These architectural building blocks will aid us in creating a better messaging system. To encourage Ubiquitous Language, we will be using them in this document and in Celery 5’s codebase as well.

Message Passing Protocol

In previous versions of Celery the only protocol we defined was for the message format itself.

Whenever a client published a message to the broker using task.delay() Celery serialized it to a known format which it can use to invoke the task remotely.

This meant that you needed a special client library to publish tasks that Celery will later consume and execute. The architectural implication is a coupling between the publisher and the consumer which defeats the general use-case of message passing: decoupling the publisher from the consumer.

In addition, the communication protocol between the master process and the workers was an internal implementation detail which was not well defined or understood by the maintainers or users.

Introduction to AMQP 1.0 Terminology

AMQP 1.0 is a flexible messaging protocol that is designed to pass messages between nodes. Nodes can be queues, exchanges, Kafka-like log stream or any other entity which which publishes or consumes a message from another node.

AMQP 1.0, unlike AMQP 0.9.1, does not mandate the presence of a broker to facilitate message passing.

This feature allows us to use it to communicate effectively between the different Celery components without overloading the broker with connections and messages. It also allows users to invoke tasks directly without the usage of a Message Broker, thus treating a Worker as an actor.

Connections
Sessions
Channels
Nodes (Components)

Nodes (also called Components) are entities on either different processes which establish links.

Terminus

Implementation

The python bindings to the qpid-proton library exposes all these features, can be used with trio and is supported on PyPy.

We will use it as a fundamental building block for our entire architecture.

Canvas

In Celery Canvas is the mechanism which users can use to define workflows dynamically.

In previous versions of Celery there are issues with the protocol which can cause Celery to generate messages too large for storage in Message Brokers. There are also issues with the API and multiple implementation problems.

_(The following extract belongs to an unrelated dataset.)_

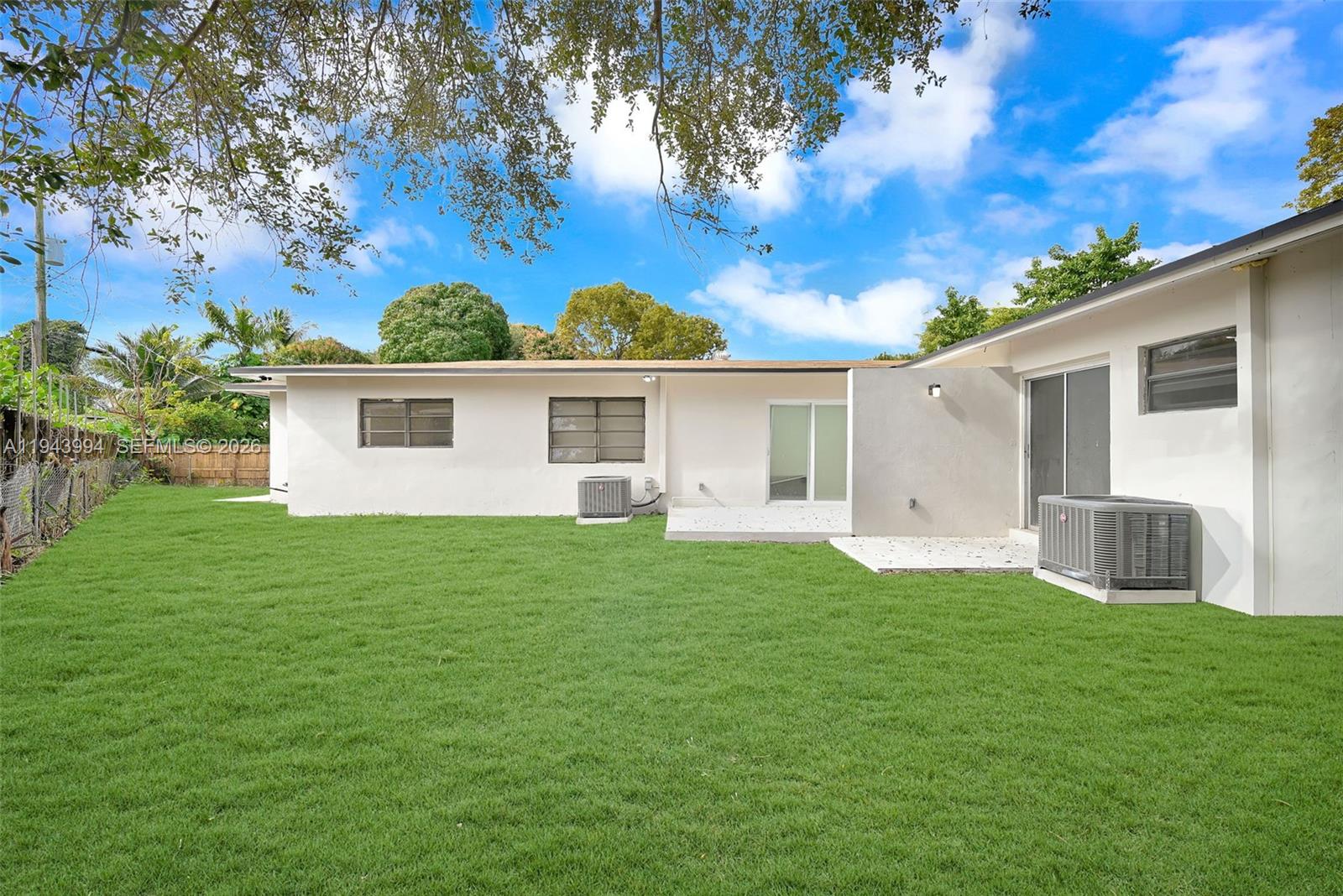 BISCAYNE COURT - Residential Income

In Celery 5 we’re going to revamp the protocol, API and possibly the implementation itself to resolve these issues.

Signatures

Primitives

Error Handling
Error Recovery
Chains
Groups
Chords
Maps
Starmaps
Chunks
Forks

Workflows

A Workflow is a declarative Canvas.

Workflows provide an API for incrementally executing business logic by dividing it to small, self-contained tasks.

Unlike Canvas, a Workflow is immutable, static and predicable.

Observability

One of Celery 5’s goals is to be observable.

Each Celery component will record statistics, provide trace points for application monitoring tools and distributed tracing tools and emit log messages when appropriate.

Metrics

Celery stores and publishes metrics which allows our users to debug their applications more easily and spot problems.

By default each worker will publish the metrics to a dedicated queue.

Other methods such as publishing them to StatsD is also possible using the provided extension point.

Trace Points

Celery provides trace points for application monitoring tools and distributed tracing tools.

This allows our users to spot and debug performance issues.

Logging

All log messages must be structured. Structured logs provide context for our users which allows them to debug problems more easily and aids the developers to resolve bugs in Celery.

The structure of a log message is determined whenever a component is initialized.

During initialization, an attempt will be made to detect how the component lifecycle is managed. If all attempts are unsuccessful, the logs will be formatted using JSON and will be printed to stdout.

Celery will provide an extension point for detection of different runtimes.

Example

If a component’s lifecycle is managed by a SystemD service, Celery will detect that the JOURNAL_STREAM environment variable is set when the process starts and use it’s value to transmit structured data into journald.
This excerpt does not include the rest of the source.